Angedockt und abgeschürft : LibMiner: Containerbasierte Kryptowährungs-Malware missbraucht ungeschützte Redis-Server
Kryptominer sind eine bevorzugte Einnahmequelle für Cyberkriminelle. Und nun scheinen sich Malwareautoren dabei auf Container-Systeme einzuschießen: Anfang 2020 ist Schadsoftware aufgetaucht, die Docker-Instanzen befällt und versucht, sich über ungeschützte Redis-Server eigenständig weiterzuverbreiten.
Von Tejas Girme, Pune (IN/MH)
Anfang 2020 hat eine Qualys-Analyse Docker-Instanzen gefunden, die eine als „LibMiner“ bezeichnete Malware ausführen, die in der Lage ist, Cryptominer zu installieren und auszuführen. Auffällig ist dabei die einzigartige verwendete Technik für die Bewegung quer durch Container und Linux-Systeme, auf denen ungeschützte Redis-Server ausgeführt werden. Die Malware hat die Fähigkeit, sich vor ihrem Shutdown zu schützen, sodass es unmöglich ist, die Kontrolle über sie zu erlangen.
Abbildung 1 zeigt den vollständigen Ausführungsablauf von LibMiner. Die verschiedenen Komponenten der Malware werden dazu auf öffentlich zugänglichen Servern gehostet – zu ihren Bestandteilen gehören Bash-Shell- (SH) und Python-Skripte (PY) sowie ausführbare Linux-Dateien im „Executable and Linking Format“ (ELF) und eine Konfigurationsdatei.
Der Angriff funktioniert in zwei Stufen: In der ersten Stufe wird LibMiner über das Bash-Shell-Skript „lib_tmp“ installiert, das dann die nächste Stufe initiiert und die Kryptomining-Komponente startet, die Monero-Kryptowährung berechnet. LibMiner startet zudem verschiedene andere Komponenten (u. a. lib_config_t, sider_t, lib_rook_t).

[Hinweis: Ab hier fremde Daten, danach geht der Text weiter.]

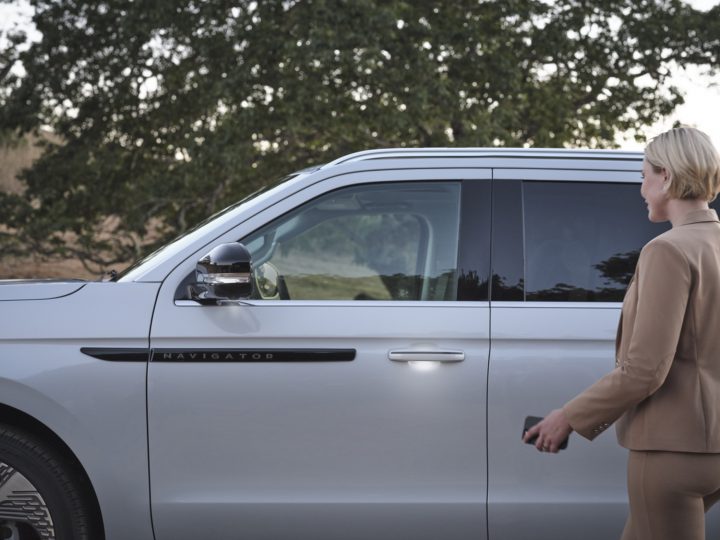 Closeup view of driver side of 2025 Lincoln Navigator L Black Label showing door handle entry light. Lincoln Navigator sales leapt 115 Percent to place second in segment during Q2 2025.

Obwohl der anfängliche Infektionsmechanismus unbekannt ist, wurden einige Container identifiziert, die einen Einstiegspunkt für ein Bash-Shell-Skript besitzen. Dieser Docker-Abschnitt (Entrypoint-Section) dient als initialer Ausgangspunkt für Container während der Laufzeit. Über das gefundene Skript wird ein Cronjob eingerichtet, der in einem bestimmten Zeitintervall bestimmte Kommandos ausführt: So werden Inhalte der Host-Datei (/etc/hosts) zurückgesetzt, um den Zugriff auf den Server des Angreifers zu gewährleisten.
Abbildung 1: Ausführungsablauf von LibMiner
Infektionsablauf
Außerdem nutzt das Skript Drittprogramme wie cURL oder wget, um die „lib_tmp“-Datei vom Server des Angreifers herunterzuladen. Diese Datei prüft das Vorhandensein von Sicherheitswerkzeugen wie Tencents Cloud Aegis und Alibabas Server Guard, beendet diese Prozesse und entfernt die zugehörigen Dateien. Dann aktualisiert sie die Nameserver auf Googles Public DNS, beendet die Prozesse, die mit ihr selbst verbunden sind, und lädt die neueste „lib“-Binärdatei vom Server des Angreifers herunter. Dabei handelt es sich um die eigentliche LibMiner-Malware, die mit einem vier Zeichen langen, zufälligen Namen im Verzeichnis /var/lib gespeichert wird.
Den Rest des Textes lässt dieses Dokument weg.